This task asks for the lines from the one with "Bruno NBS - Handbagage" to the final line below, repeated exactly, with pictures omitted.

*** DATA PROVIDED ***

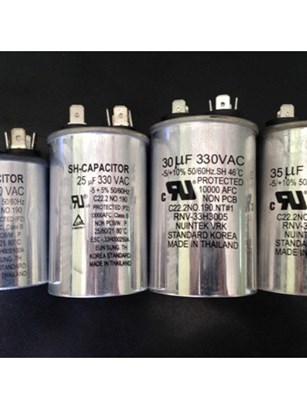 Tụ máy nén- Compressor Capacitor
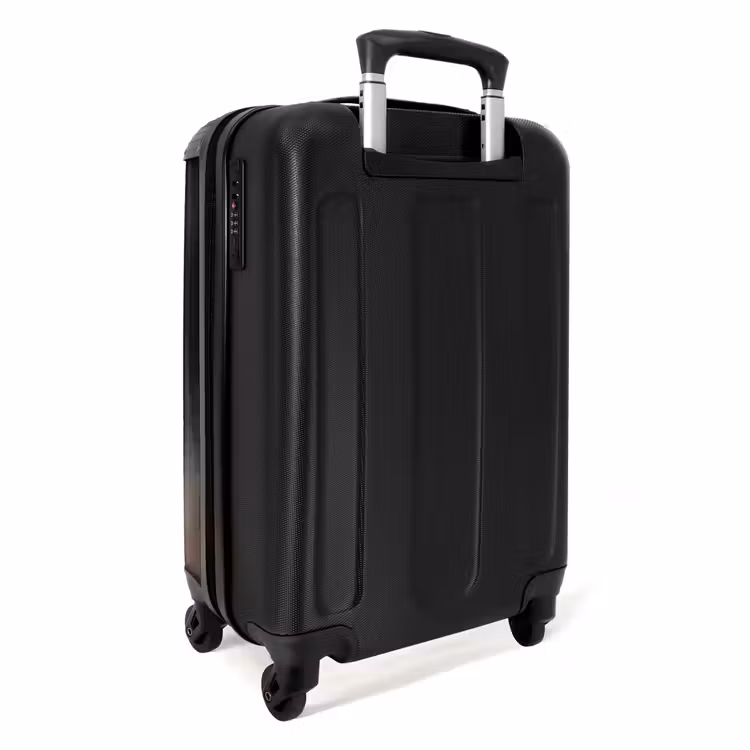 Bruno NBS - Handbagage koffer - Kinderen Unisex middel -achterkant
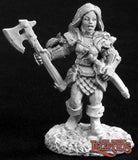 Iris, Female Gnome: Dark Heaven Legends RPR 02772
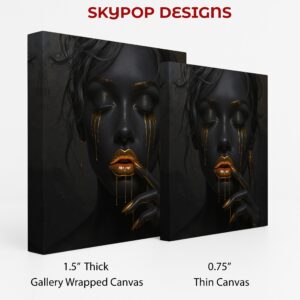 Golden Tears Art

*** End of DATA PROVIDED ***

▶ SOLUTION FOR THIS TASK
 Bruno NBS - Handbagage koffer - Kinderen Unisex middel -achterkant
 Iris, Female Gnome: Dark Heaven Legends RPR 02772
 Golden Tears Art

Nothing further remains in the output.